The circadian clock is influenced by exposure to light and dictates the wake-sleep cycle. At the cellular level, the clock is controlled by a complex network of genes and proteins that switch each other on and off based on cues from their environment and most genes involved in the regulation of the circadian clock have been characterized, but a key component was missing in mammals.
In a new study, a team performed a genome-wide chromatin immunoprecipitation analysis for genes that were the target of BMAL1, a core clock component that binds to many other clock genes, regulating their transcription.

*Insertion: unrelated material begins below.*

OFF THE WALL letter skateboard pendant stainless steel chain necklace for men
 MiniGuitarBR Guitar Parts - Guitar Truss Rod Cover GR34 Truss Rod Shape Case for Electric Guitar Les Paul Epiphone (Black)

CHRONO's interaction and the role of CHRONO as a transcriptional repressor.(A and B) Immunoblots show expression of proteins in COS7 cells transfected with the indicated plasmids after IP with antibodies. INPUT indicates immunoblotting results of total cell lysates. (C) Endogenous BMAL1 and CHRONO interaction in the WT and Chrono KO mice liver. (D) Effects of Chrono expression on the Per2 promoter luciferase activity. Overexpressed CHRONO repressed transactivation by exogenous expression of BMAL1 and CLOCK (B/C) in the Per2 promoter in a similar way to Cry2. Bars represent means ± S.E.M. of four samples (**p<0.001, Student's t test). (E) An HDAC inhibitor (100 nM TSA) restored the Chrono-derived repression of transactivation with BMAL1 and CLOCK (B/C) on the Per2 promoter. The basal transcriptional activity of Per2 promoter in each experiment was set to 1. Data are means ± S.E.M. of four samples (**p<0.001, Student's t test). (F and G) CHRONO and HDAC1 interaction in vitro. Co-IP assays of COS7 cells using HA-tagged CHRONO and FLAG-tagged HDAC1 as indicated. HA protein was used as negative control. doi:10.1371/journal.pbio.1001839
The authors characterize a new circadian gene that they named Chrono and show that Chrono functions as a transcriptional repressor of the negative feedback loop in the mammalian clock: the protein CHRONO binds to the regulatory region of clock genes, with its repressor function oscillating in a circadian manner. The expression of core clock genes is altered in mice lacking the Chrono gene, and the mice have longer circadian cycles.
"These results suggest that Chrono functions as a core clock repressor," conclude the authors.
In addition, they demonstrate that the repression mechanism of Chrono is under epigenetic control and links, via a glucocorticoid receptor, to metabolic pathways triggered by behavioral stress.